I left it around two years ago, when I travelled to the UK to study for a Master’s degree. I packed only two large suitcases of clothes, thinking I would come back to get the rest of my things. How mistaken I was.

Shortly after my departure I became one of the hundreds of thousands of activists wanted by various State security branches because of my political activity. State security personnel visited our family house twice, and thank God they found no one there. This, however, made any attempt by me to visit our house an insane risk that could be classified as suicide.

Before my elder sister took off to Turkey—due to the safety threat she faced merely on account of being “my sister”—she packed our lives into boxes. Our pictures, our books, my parents’ pictures (which is all we have left of them), their love letters, their clothes, our clothes, our childhood toys, our house’s green ornaments, the feminine things my mother once bought me when she hoped I would marry one day, my father’s watch which I promised I’d give to the man I would love as much as I loved my father. Even though I finally found this man, I broke the promise: the watch sits there in a box somewhere along with copies of the book that I once published but have not even a single copy of today.

My entire past life is stacked in boxes, humble boxes that don’t manifest their grand contents. And just like us, our boxes await the chance for redemption or for burning down by an enemy’s missile, or a friend’s—it doesn’t really matter. Or maybe they’ll be violated just like everything in this country, stolen by a mad man hunkered behind his weapon.

After those 28 years my experience with houses took a sharp detour, for I have already slept in almost 50 houses in the past two years.

On the first Christmas holiday after my initial departure, we knew well that I was wanted by State security, but I took the risk of sneaking back into my city, Aleppo. And to avert security forces I slept in 20 different houses, a new house every day. Secretly meeting my sister at friends’, fortuitously kissing her kids, unable to explain to them my invisibility and the importance of keeping our meetings a secret.

Moving around every day with my suitcase and my laptop “which should not contain any thing that could condemn me at the regime’s check points”. Moving around from one house to the other, followed by the wondering, rather terrified gazes of my friends’ parents, whom I cannot blame.

Eventually, all that wandering was in vain as it did not alleviate the imminent danger from the State security. My nightly visits became a reason for my friends to be called in for investigation. At that point I decided to leave that part of the city, never to return, leaving behind my loved ones to start a new life in the other part, the one liberated by the Free Syrian Army.

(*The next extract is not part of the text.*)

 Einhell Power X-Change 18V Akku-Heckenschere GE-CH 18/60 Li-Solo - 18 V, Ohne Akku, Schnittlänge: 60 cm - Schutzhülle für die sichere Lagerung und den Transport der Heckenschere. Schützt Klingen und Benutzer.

A young woman looking for a house to live in by herself, an alien with a different religion and different attire. An unarmed woman among the many armed who might misuse those arms. New fears that I have to face now, as a female activist who chooses to live alone.

It was then that I experienced the first clash with my every belief: in a war society I am a vulnerable female who needs a man’s protection. The idea alone is terrifying and debilitating.

My fellow revolutionists and I decided to look for an apartment in the same building so that they could come quickly to my aid if I needed it. That’s when we briefly shared a living space in Alzibdiya. My house in Alzibdiya was a fourth floor apartment, which alone was a safety hazard due to air strikes. It was an empty space with nothing but an old television which didn’t work most of the time due to electricity cuts, some mattresses on the floor and a badly made bed in the room the guys decided was mine. We also had a small cooker that I managed to convince them to buy, after long arguments about the need to replace the sandwiches they bought every day with home-cooked food.

In that house I learned to cook large amounts of food, enough to feed ten of my male friends. In that house I stayed up late talking politics and sharing intimate stories about our families. I got to know theirs and they got to know mine. Together we shed many tears on the balcony and anxiously waited for our crazy reckless friends. In that busy house, always filled with homeless activists, I learnt how in the time of war one’s privacy completely vanishes.

We had to move out quickly because of the irritated neighbours and ISIS’ arrival in that neighbourhood. Both were paramount reasons to relaunch the hunt for a new home. We managed to find two apartments in the same building, and I moved into a house in Almashhad by myself. My friends’ caring never stopped, demonstrated even in the smallest details, like the grocery list. This house had a yard which I decorated with a jasmine arbor. I bought curtains and cupboards for this house and decided to call it home. Just like any Syrian, I was looking for something more personal and more intimate than a suitcase on the move.

It was into that house that I smuggled a Christmas tree to celebrate with friends, despite ISIS. It was in that house that the cold reduced me to tears, as all the windows were broken and all my attempts to make it warmer failed. And just as I gave in to the illusion that this house would actually become my home, an ISIS patrol stopped me in a nearby street. I escaped miraculously with the help and courage of the friends in the Free Syrian Army. For their safety and mine, we returned to moving between friends’ houses in order to dodge ISIS.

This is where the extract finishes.